- The paper shows that limited cortical memory forces the model-based learner to adopt distinct strategies (MAXREWARD and MAXREACH) to optimize learning outcomes.
- The study employs simulations in a tree MDP to reveal trade-offs between rapid reward exploitation and quicker adaptation following reward shifts.
- The findings have implications for cognitive neuroscience and AI, suggesting resource-efficient designs that emulate the division of labor between cortex and subcortex.

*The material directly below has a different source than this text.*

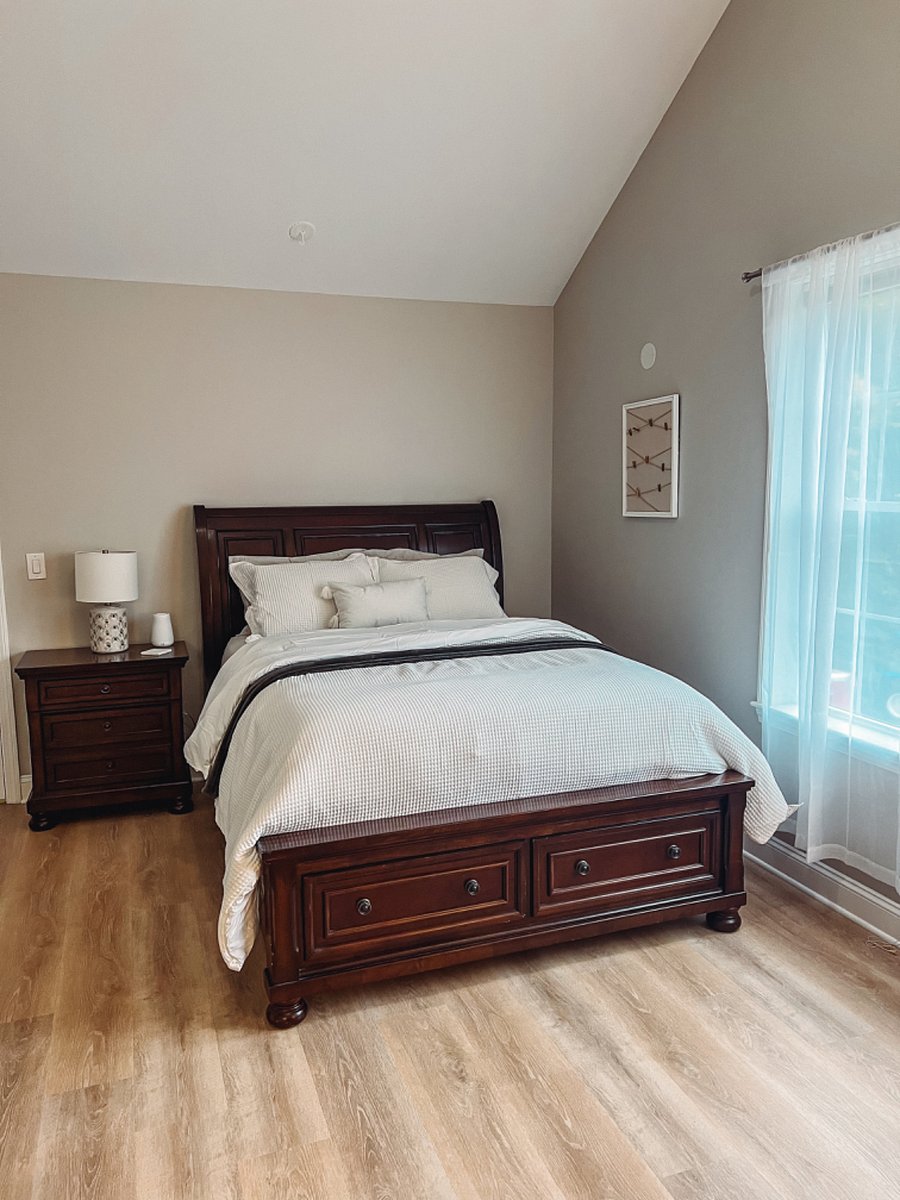 Queen Bedroom 1- with storage under bed, closet space and dresser.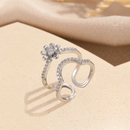 Silver open ring with floral design on a beige surface, Obroi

Distinct Computational Roles of Cortex and Subcortex Under Memory Constraints
Theoretical Framework and Model Design
The paper proposes an explicit computational model that dissects the interaction between cortical (model-based, MB) and subcortical (model-free, MF) learning modules when the memory resources allocated to the cortical system are severely limited. The environment is structured as a tree Markov Decision Process (MDP) with stochastic transitions, where reward is available only at the leaf nodes. Each episode begins at the root, and the agent acts until reaching a terminal state. Critically, the MB learner can only track a fixed number m of transition probabilities P(s′∣s,a), leading to selective memory strategies.

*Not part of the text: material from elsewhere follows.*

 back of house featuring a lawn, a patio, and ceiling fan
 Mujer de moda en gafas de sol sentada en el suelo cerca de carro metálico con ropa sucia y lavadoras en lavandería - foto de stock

Two distinct strategies are formalized for allocating MB memory:
- MAXREWARD: Prioritizes tracking transitions directly associated with reward, leveraging reward-based learning to maximize immediate exploitation.
- MAXREACH: Allocates memory slots to transitions closest to the root, optimizing reachability of arbitrary goal states and facilitating flexibility when reward locations vary.
Both MB and MF learners propagate reward signals backward efficiently via SARSA(0)-style updates and policy-evaluation dynamic programming, but MB capacity limits induce fundamentally different behaviors compared to traditional approaches where the MB learner has unconstrained memory.
Figure 1: Visualization of a depth-2 tree environment and tracked edges for MAXREWARD and MAXREACH strategies; red arrows represent MB-tracked edges, stroke width encodes estimated probabilities.
Comparative Strategy Analysis and Experimental Results
Through extensive simulation, the study compares learning dynamics of MAXREWARD and MAXREACH under various memory capacities m and tree depths d. The results illustrate that:
- When m is sufficiently large, both strategies converge and achieve equivalent performance, akin to MB methods with full knowledge.
- With limited m, MAXREWARD excels when reward associations remain stationary, rapidly exploiting known reward branches but performing poorly immediately following reward relocation.
- MAXREACH, by tracking root-near transitions, achieves superior adaptation and initial performance after reward locations change, as the agent can efficiently redirect its policy using pre-learned structural knowledge despite the lack of direct reward associations.
Numerical results are provided for two illustrative cases:
A broader sweep across m and d parameters corroborates the finding that the choice of memory allocation strategy critically depends on environmental reward volatility and structural complexity.
Figure 3: Policy-averaged reward trajectories for MAXREWARD and MAXREACH across varying memory capacities and tree depths, highlighting trade-offs in performance.
Implications for Cognitive Neuroscience and Artificial Intelligence
The computational dissociation observed aligns with neuroanatomical and neurophysiological findings: cortex (MB) exhibits sparse dopaminergic innervation and is theorized to construct generalized environmental models independent of immediate reward, while subcortical structures (striatum/MF) rely heavily on reward signals for learning. This model provides a mechanistic explanation for why cortex is responsible for structural learning, enabling rapid adaptation in nonstationary environments, whereas subcortex specializes in incremental reward-based learning.
Such a division of labor has practical implications for reinforcement learning in AI:
Theoretical Extensions and Limitations
The model opens several avenues for extension:
- Parametric models and compression (e.g., Successor Representation, low-dimensional embeddings) may scale these findings to complex environments, but require careful treatment of MF–MB coupling.
- More nuanced hybrid strategies (e.g., a transient "hot cache" combining exploitation and structure) may better reflect biological and practical learning systems.
- Explicit costs for MB computation could model habitual handover from cortex to subcortex (as seen in motor skill acquisition).
The paper acknowledges limitations, notably simplified environments, tabular algorithmic approaches, and the assumption that untracked transition probabilities are assigned to zero-reward states.
Conclusion
This study formalizes and analyzes how limited cortical (model-based) memory induces distinct strategies for information allocation, leading to practical and theoretical dissociations between cortical and subcortical learning. By demonstrating strong numerical trade-offs between exploitation and flexibility under memory constraints, the work provides a foundation for modeling animal and human learning, and inspires future designs of efficient, adaptive AI systems that mirror the division of labor observed in biological brains.